É sobre o acervo probatório que o juiz eleitoral promove sua recognição sobre os fatos. Essa é a exegese mais adequada do artigo 23 da Lei de Inelegibilidades.
Todavia, é preciso o estabelecimento de constrangimentos hermenêuticos à revelação do abuso de poder pela jurisdição.
Tal se afirma, porque o abuso de poder não pode ser aquilo que o juiz eleitoral comeu no café da manhã, como diz Dworking. Sendo a discricionariedade da decisão o problema central da Teoria Geral do Direito, também a discricionariedade na valoração probatória é um problema da a Teoria Geral do Processo.
Logo, os ilícitos nominados — violação das regras atinentes arrecadação e gastos de campanha; captação ilícita de sufrágio, e suas respectivas provas, são um dado de entrada para a compreensão do abuso de poder. Não um ponto de chegada.
Porque, para além da ilicitude em forma, em substância, para o reconhecimento do abuso de poder, exige-se a potencialidade lesiva, atualmente, marcada pela gravidade das circunstâncias do ilícito eleitoral, segundo a expressão do inciso XIV, do artigo 22, da Lei de Inelegibilidades.
E assim que a míngua da taxatividade dos ilícitos eleitorais nominados, inominadamente, e com potencialidade lesiva, se afere o abuso de poder econômico, político, dos meios de comunicação e religioso, através da prática de atos ilícitos ou mesmo lícitos, mas com abuso de direito. No concreto, quer se dar máxima efetividade à proteção da normalidade e legitimidade do pleito.
E na valoração em si mesma, intercombinada do abuso de poder, da condição de responsável ou beneficiário das partes, e da potencialidade lesiva do abuso, é que pela Dignidade da Legislação, e pelo paradigma do Estado Constitucional, que o convencimento é constrangido pelas presunções estampadas legalmente no critério da prova legal, e judicialmente nas máximas de experiência.
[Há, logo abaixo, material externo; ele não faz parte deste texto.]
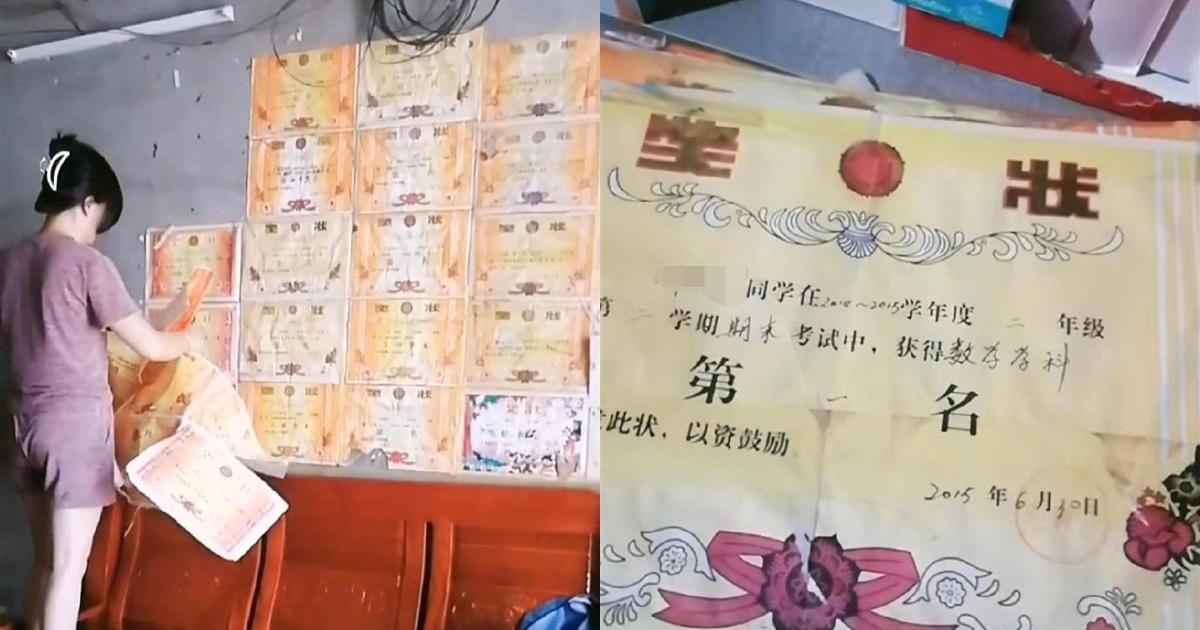 中國安徽一名國中男子因沒考上重點高中,媽媽氣得撕下滿牆的獎狀。(翻攝自微博)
Nada obstante o sistema tarifárico de valoração da prova tenha sido algo do Estado Legislativo, subsiste no Estado Constitucional o critério da prova legal. Isto é, uma atribuição legal a priori da eficácia comprobatória do meio de prova geral disposto no direito processual, que uma vez produzido no processo, conta com essa presunção.
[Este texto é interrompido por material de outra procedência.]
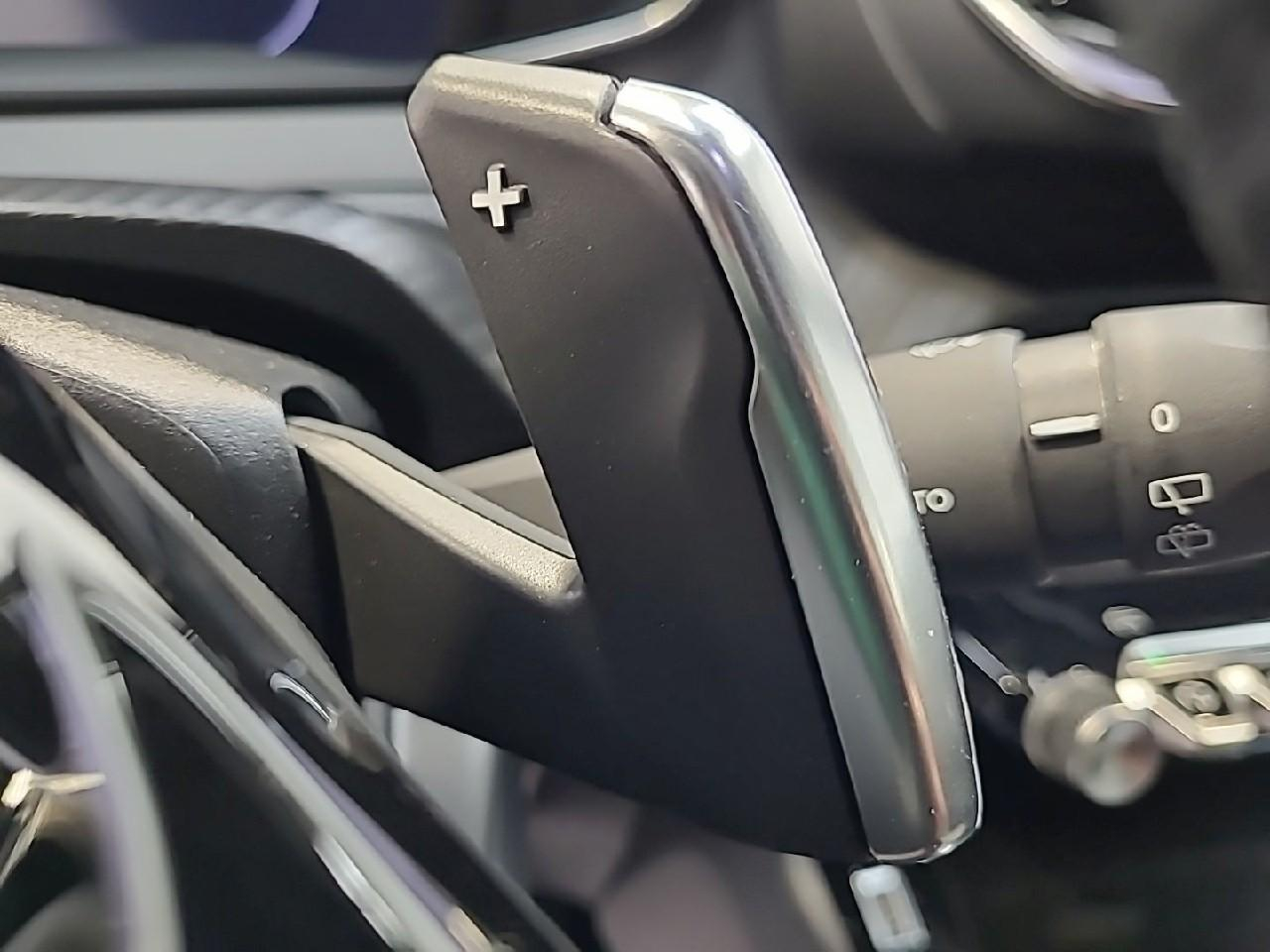 Peugeot 2008 hybrid 145 e-dcs6 allure — photo 27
Exemplo dessa ilustração é a eficácia probatória do documento público, da ata notarial, e das gravações em vídeo/áudio.
A esse lado. As máximas de experiência, o conhecimento do mundo da vida pelo juiz, por ser ser-no-Mundo, e por estar inserido em um fluxo de historicidade em que a força da tradição lhe impede a eleger significados sobre os acontecimentos, acabam por impor o controle público sobre a linguagem da decisão judicial sobre o abuso de poder.
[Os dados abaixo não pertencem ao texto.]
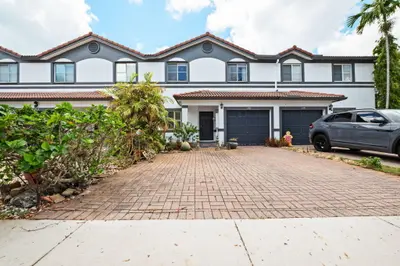 2481 NW 98th Lane, Sunrise – Townhouse for sale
Esse é a dimensão de exigência do convencimento motivado pelo filtro constitucional da garantia fundamental de fundamentação das decisões judiciais.
É pela fundamentação da decisão judicial sobre o abuso de poder que é aferida a legitimidade da judicialização do processo eleitoral. Um controle axiologicamente externo da decisão judicial feito pelo paradigma da Dignidade da Legislação, da máxima efetividade das normas constitucionais, e da força probante do critério da prova legal e das máximas de experiência no processo.